Lapid, the centrist Yesh Atid leader, and Liberman, the far-right Yisrael Beytenu boss, had both been senior members of Prime Minister Benjamin Netanyahu’s previous administration. Now in opposition, under the banner of “fighting for Israel’s international standing,” they painted a bleak picture of ongoing diplomatic ineptitude and impending international isolation. Netanyahu, they charged, was “systematically destroying all Israel’s foreign policy achievements.” “Our international standing – in all the years of our existence since 1948 – has never been as bad,” Lapid declared.
Both men aimed their barbs directly at Netanyahu, who is also the foreign minister.
“The foreign ministry is nobody’s private property, not even the Netanyahu family’s,” Liberman bellowed in a broad swipe aimed both at Netanyahu’s multiple portfolios and his wife Sara’s reputed involvement in her husband’s most sensitive political and diplomatic appointments and decision-making.
The personal assault on Netanyahu was no accident. The sudden, out of the blue Lapid-Liberman alliance is part of wider behind-the-scenes moves to build a new center-right bloc united around a single goal: forcing new elections and ousting Netanyahu as prime minister. The attack on his handling of foreign policy was just the opening salvo.
The alliance serves both Liberman and Lapid’s more immediate goals. By association, Liberman confers on Lapid a healthy dose of the right-wing aura he has been trying so hard to cultivate; Lapid gives Liberman mainstream respectability.
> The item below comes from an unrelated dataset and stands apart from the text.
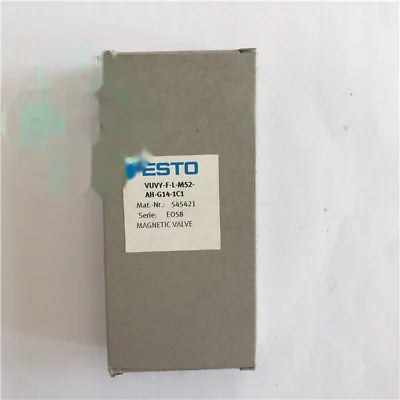 1pc new FESTO 545382 PRND-F-40-G14-7F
The wider aim though is to bring in other players – for example Moshe Kahlon’s Kulanu party, Likudnik-at-large Gideon Sa’ar and former chief of staff Gabi Ashkenazi – to form an impressive center-right bloc capable of cutting deeply into the Likud vote and winning the next election. The biggest hurdle will be agreeing on a leader.
Political machinations aside, the Lapid-Liberman critique raises the question of just how precarious Israel’s international situation is. Critics argue that Israel is headed for a foreign policy crash leaving it isolated in the face of mounting pressure to move on the Palestinian track; Netanyahu counters that countries from all over the world are beating a path to Israel’s door and that the scope and quality of its foreign ties have never been better.
The argument came to a head in a major Knesset debate in early March, a week after the Lapid-Liberman joint media conference.
Lapid collected the signatures of 40 Knesset members to force the plenum to discuss the proposition that “the continuous erosion of Israel’s international standing poses a real threat to its national security.”
Opening the debate, Lapid argued that Israeli power is based on a combination of military capabilities and strategic alliances; for example, the Dimona reactor would not have been possible without the French; state-of-the-art Dolphin submarines came from Germany, and aircraft, anti-missile defenses and other key military hardware from partnership with the US. But, he asserted, under Netanyahu all Israel’s key strategic alliances have been seriously undermined.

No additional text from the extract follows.